PROVIDED DATA →
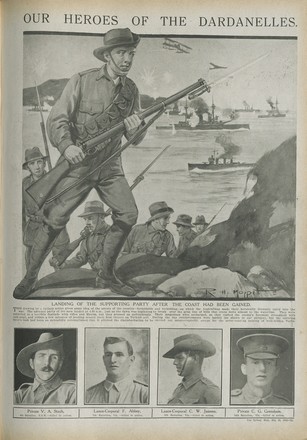‘Thrilling story of Australasian valour’ by Ellis Ashmead Bartlett The Sydney Mail, 12 May 1915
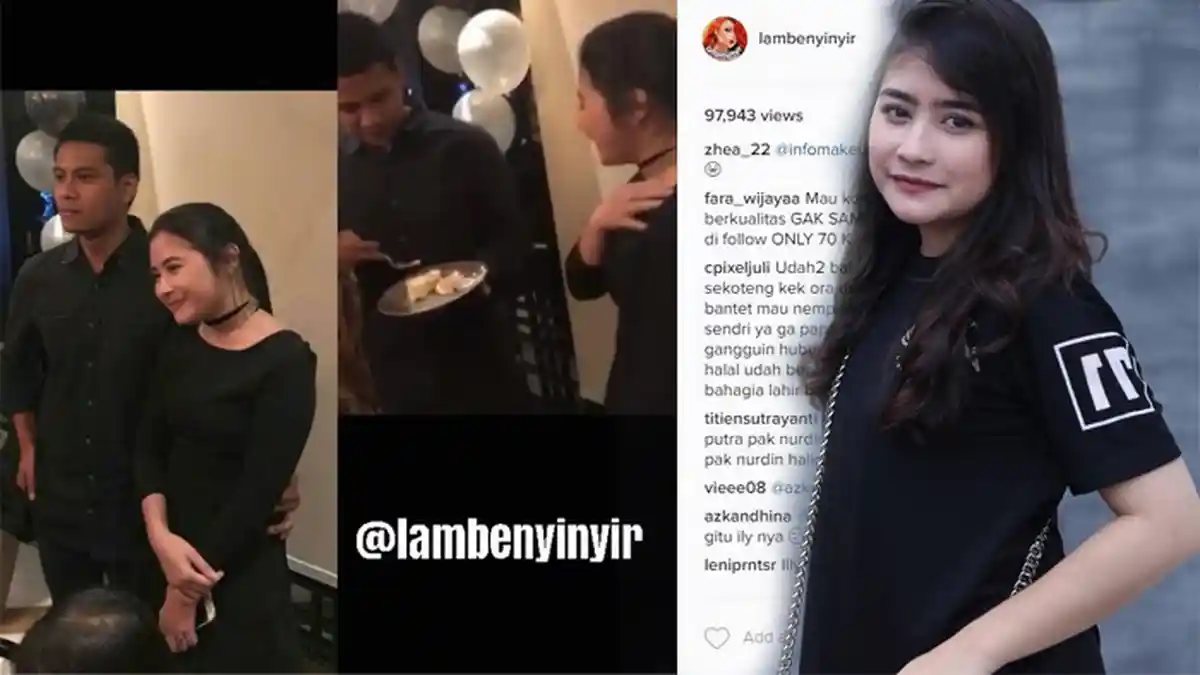 Datang ke Pesta Ulang Tahun Mantan, Prilly Latuconsina Terlihat Malu-malu!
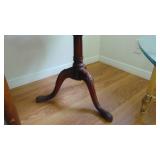 3 Tiered Mahogany Table, 24" Rd x 39"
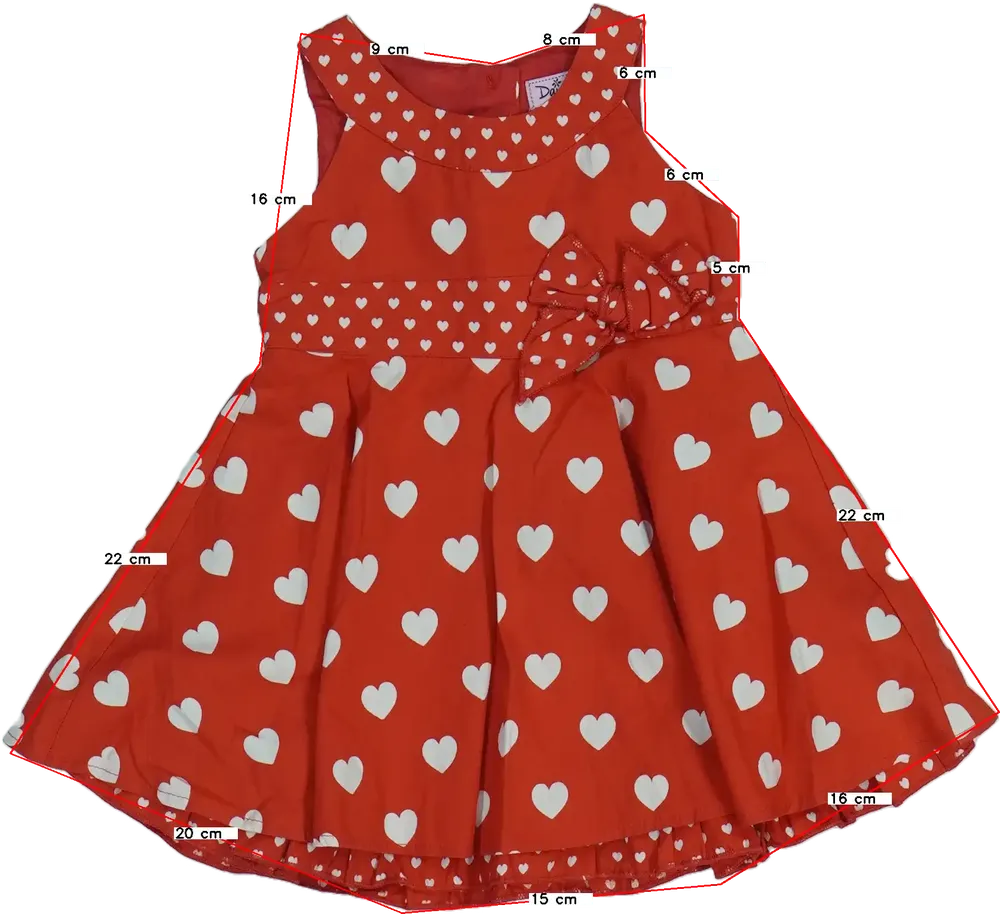 Piros Daisy B Ruha EU 68 / UK 3-6 hónap / US 3-6 hónap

WHAT TO WORK ON → All of the listing is to be written out exactly, with the pictures left out.

ANSWER SECTION →
‘Thrilling story of Australasian valour’ by Ellis Ashmead Bartlett The Sydney Mail, 12 May 1915
 Datang ke Pesta Ulang Tahun Mantan, Prilly Latuconsina Terlihat Malu-malu!
 3 Tiered Mahogany Table, 24" Rd x 39"
 Piros Daisy B Ruha EU 68 / UK 3-6 hónap / US 3-6 hónap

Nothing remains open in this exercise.